Inspiration: 1.6 million New Yorkers have ridden a bike at least once in the past year. At the same time, 5000 New Yorkers have been in a fatal bicycle accident. We believe that if more cyclists were empowered with a safe and reliable map, a lot more people would be cruising than crashing. What it does Our app provides the safest, most reliable route for cyclists to get from point A to B. It empowers cyclists with real-time bike traffic conditions, bike and road accidents to avoid, closed or obstructed bike lanes and local recommendations on the best routes. How I built it:
We used esri's ArcGIS API and Python tools in tandem with a custom routing algorithm of our own design which allowed us to route users to locations while biasing their trip towards nearby bike lanes and avoiding areas which are dangerous for cyclists, like those which have high counts of reported injuries and fatalities. We created algorithms to import data from NYC's Open Data API and process that data, creating a pandas dataframe ingest pipeline to simultaneously use GeoJSON and coordinate systems. GeoPy was used to get exact coordinates and convert them from addresses. We used React JS to build a simple web navigator and Proto to draft a mobile app version to showcase the output of our algorithms.
Challenges I ran into:
We struggled to find a solution which allowed us to do weighted routing, and eventually decided it was most practical (and exciting) to do a totally custom solution - which took quite a bit of time.

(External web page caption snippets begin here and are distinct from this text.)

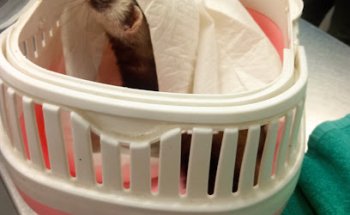 Clínica Veterinaria Cristo de la Epidemia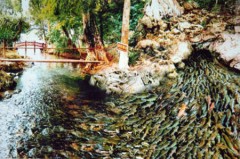 Lạ kỳ hang cá thần Cẩm Lương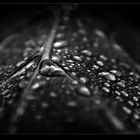 dark drops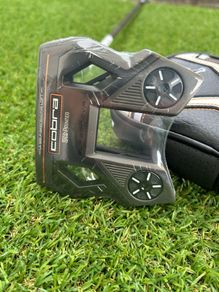 Cobra Supernova 3D Printed Putter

Accomplishments that I'm proud of:
We built an interesting travelling-salesman style routing algorithm that works with different types of segments and uses up to date, real information to safely route cyclists around potentially dangerous and life threatening situations. The end product is a highly useful, highly of-the-moment solution, which aids the modern cyclist in navigating under-funded and disjointed cycling infrastructure safely and with ease.
What I learned:
We worked with a number of complex APIs, however our most interesting challenge was designing an algorithm to do highly custom routing - to sometimes follow pre-set paths and other times find its own way.
What's next for Cruze:
We would like to increase our end-user functionality and deploy our product onto both web and mobile, and add in more sources of data and potentially generalize the project into increasing access to other modes of healthy transportation for the modern urbanite.